What you will do: Down to the last line, restate the records word for word, but not the pictures.

Saved entries

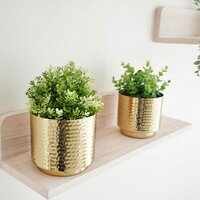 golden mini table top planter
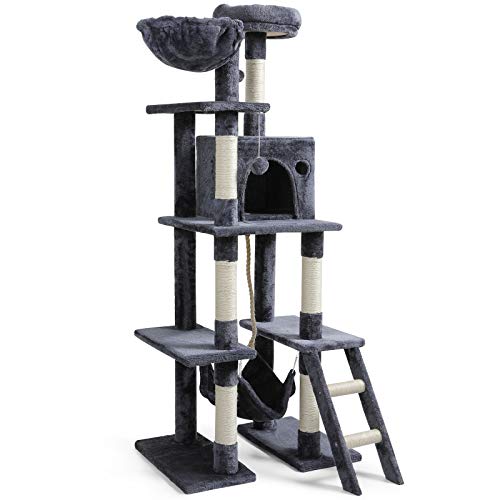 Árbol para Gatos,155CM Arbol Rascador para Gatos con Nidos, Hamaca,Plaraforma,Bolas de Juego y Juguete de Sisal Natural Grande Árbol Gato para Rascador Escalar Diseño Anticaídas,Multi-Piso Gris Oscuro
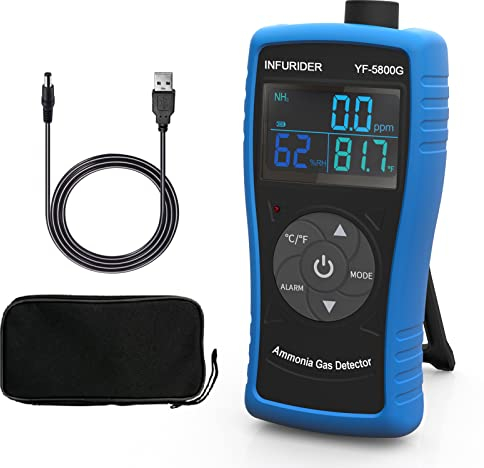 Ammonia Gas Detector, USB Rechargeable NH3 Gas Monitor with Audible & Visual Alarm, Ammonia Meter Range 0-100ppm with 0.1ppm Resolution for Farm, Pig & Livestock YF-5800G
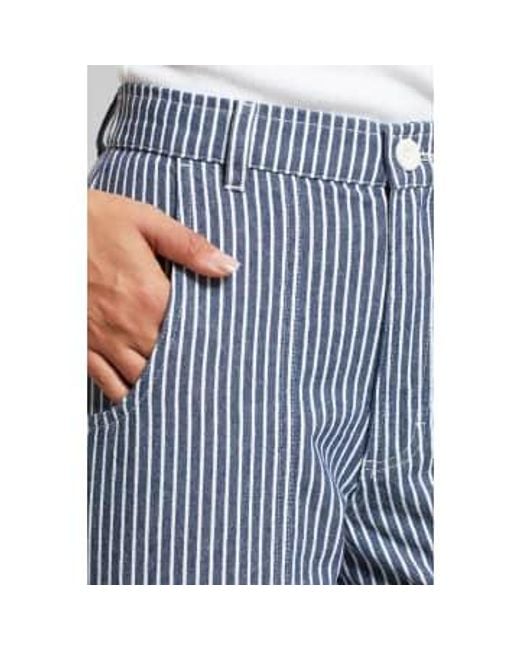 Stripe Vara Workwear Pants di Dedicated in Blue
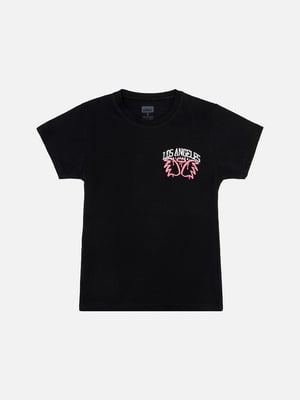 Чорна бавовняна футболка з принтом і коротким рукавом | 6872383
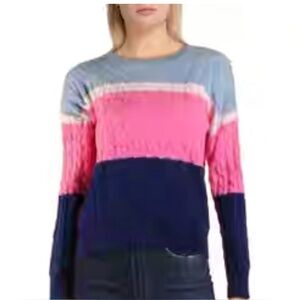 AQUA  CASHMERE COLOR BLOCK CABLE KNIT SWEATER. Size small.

Written reply:
 golden mini table top planter
 Árbol para Gatos,155CM Arbol Rascador para Gatos con Nidos, Hamaca,Plaraforma,Bolas de Juego y Juguete de Sisal Natural Grande Árbol Gato para Rascador Escalar Diseño Anticaídas,Multi-Piso Gris Oscuro
 Ammonia Gas Detector, USB Rechargeable NH3 Gas Monitor with Audible & Visual Alarm, Ammonia Meter Range 0-100ppm with 0.1ppm Resolution for Farm, Pig & Livestock YF-5800G
 Stripe Vara Workwear Pants di Dedicated in Blue
 Чорна бавовняна футболка з принтом і коротким рукавом | 6872383
 AQUA  CASHMERE COLOR BLOCK CABLE KNIT SWEATER. Size small.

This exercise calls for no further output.